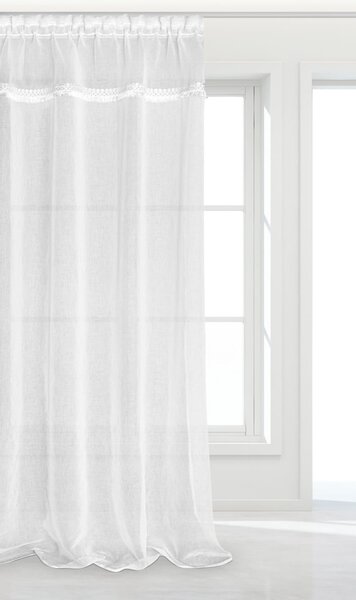 Záclona na riasiacej páske BOHO biela Rozmer: 300x270 cm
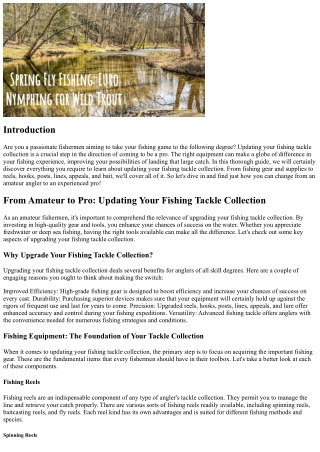 From Amateur to Pro: Updating Your Fishing Tackle Collection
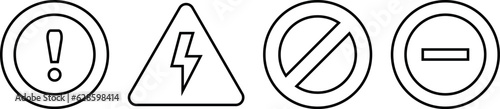 Alert, risk sign line icon set collection. Vector ilustration.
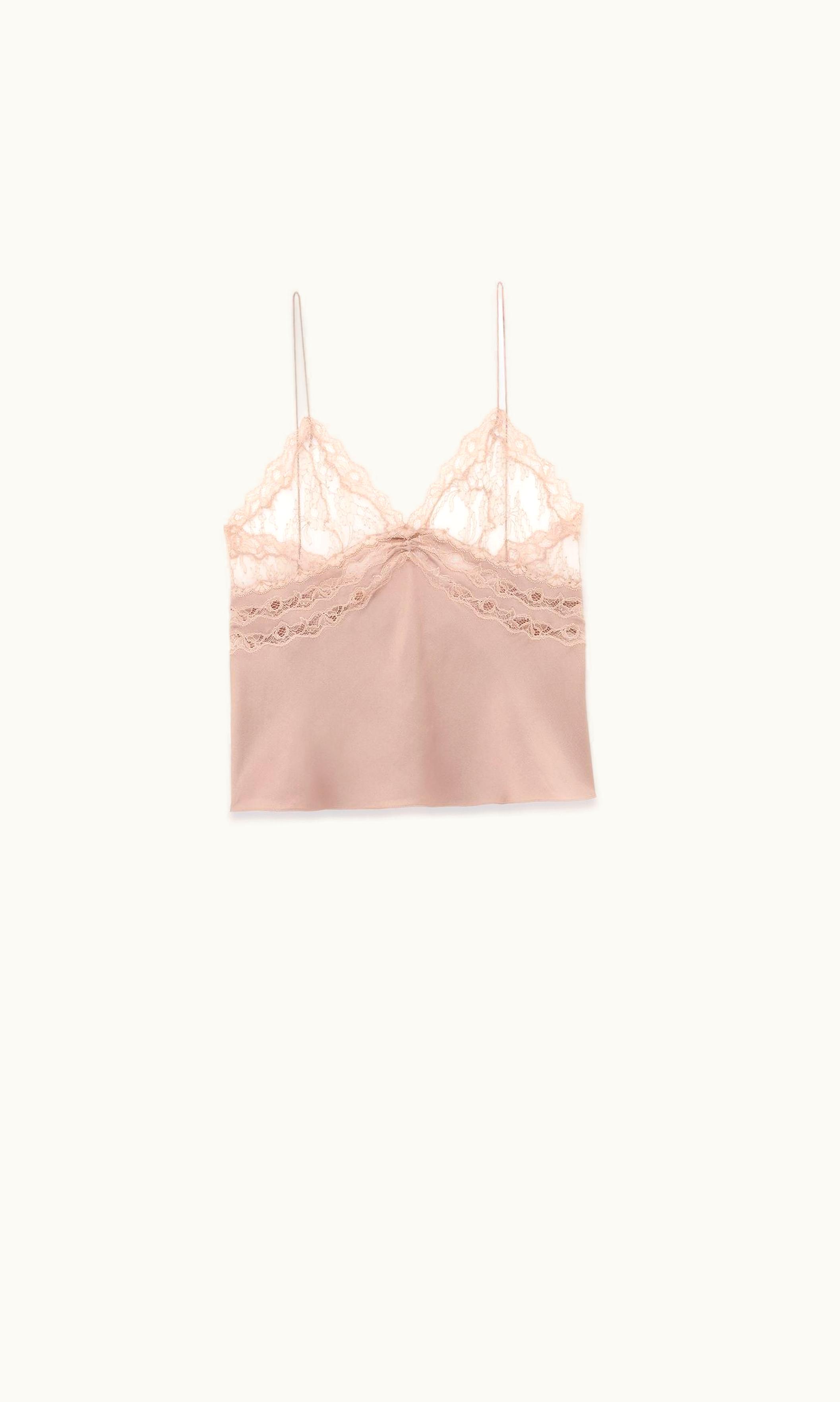 Saint Laurent Saint Laurent Lingerie Top In Silk Satin Crepe Rose Des Sables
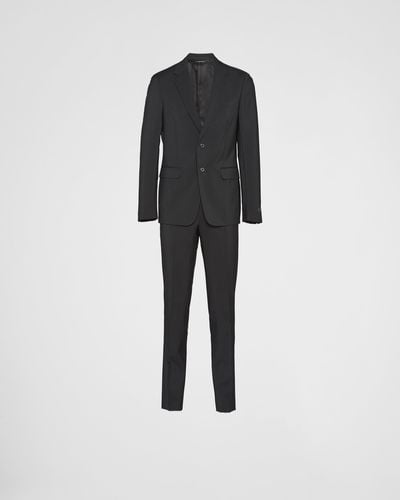 Prada Single Breasted Wool And Mohair Suit - Black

--*--

Reproduce, with no pictures, the lines from the one containing "Alert, risk sign" to the end of the records above, exactly and inclusively.

 Alert, risk sign line icon set collection. Vector ilustration.
 Saint Laurent Saint Laurent Lingerie Top In Silk Satin Crepe Rose Des Sables
 Prada Single Breasted Wool And Mohair Suit - Black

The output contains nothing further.